Site icon Archdiocese of Wellington

Our Sacred Places

Cardinal John Dew Archbishop of Wellington Apostolic Administrator of Palmerston North Diocese

WelCom September 2020

+ John A Cardinal Dew 
Archbishop of Wellington Archdiocese
Apostolic Administrator of Palmerston North Diocese

“In our sacred places we can go deep into our hearts and souls – we can experience God’s presence anywhere and everywhere.”

In 1998, I was invited to be a chaplain to a tour group travelling to the Holy Land and Rome. It was a wonderful pilgrimage and the times to pray and reflect in sacred sites were deeply appreciated. We visited historic sites and learned so much about the places where Jesus prayed, walked and performed miracles. Some of the people from that trip have kept in touch with me and always mention some of their memories of the pilgrimage and the wonderful privileges we enjoyed. 

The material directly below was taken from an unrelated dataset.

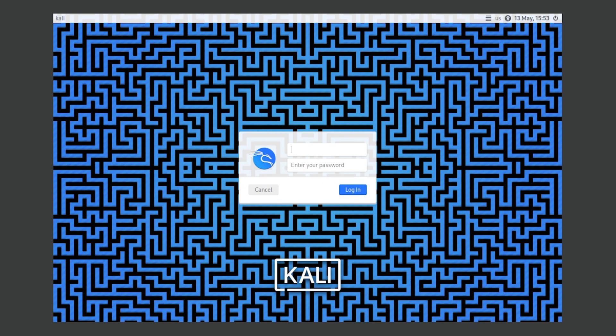I'm going to show you guys how to reset your password for Kali Linux. The thing is this should also work for other distributions like Linux Mint and Ubuntu.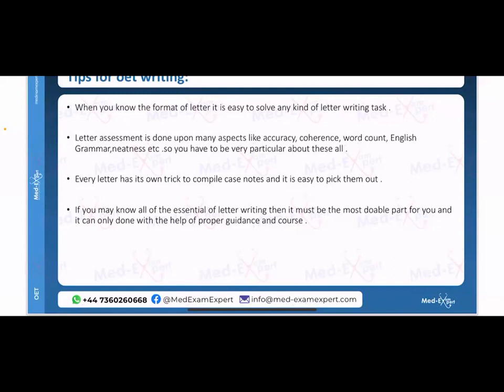In our course at MedExamExpert, there are four live sessions per module. After completing all four sessions, you are competent enough to write a complete and good letter covering all four types: discharge, transfer, referral, and urgent referral. As the writing mentor for OET, I can tell you it will be easy to identify the kind of letter required and to select the relevant case notes for that situation.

Prior to leaving New Zealand, I prepared various prayers and reflections to be used on the visit to the Biblical sites we have heard of all our lives. I also bought a preparative book about some of the places we would be going to: Cathedrals of the Spirit: The Message of Sacred Spaces, by TC McLuhan. It is a wonderful book, which I dip into every now and then.

Ars Sacra: Christian Art and Architecture of the Western World from the Very Beginning Up Until Today, by Rolf Toman, Achim Bednorz, surveys over 1700 years of Christian Art and culture presented in chronological order, and highlights the unique features of each historical era.

I have another book in my office called Ars Sacra (Sacred Art), a huge book with Church architecture the focal point. It is in the monumental buildings of Christianity that Christian Art began to grow. The book tells the story of Christian Art and Architecture of the Western World ‘from the very beginning up until today’. It includes indescribably beautiful illustrations of magnificent Cathedrals from all over the world with lots of fascinating information about them.

Preparing for the site blessing to begin the strengthening and restoration work of our own Cathedral of the Sacred Heart last month, 7 August and the blessing of those who will work on it, I referred to these two wonderful books. I used the following words in my homily: 

The book Cathedrals of the Spirit begins by saying: ‘This book is about sacred places. It is about landscapes of the holy as centres of inspiration where human consciousness is temporarily set free.’ The book goes on to speak of our human experience of sacredness, or of any sacred place, and talks about how any of these holy places – natural or built of stone and timber, steel and glass; our experience of any of these places is a re-entry into a state of holiness – an introduction to our true origins. The goal of the book, it says, ‘is to reintroduce you to yourselves’.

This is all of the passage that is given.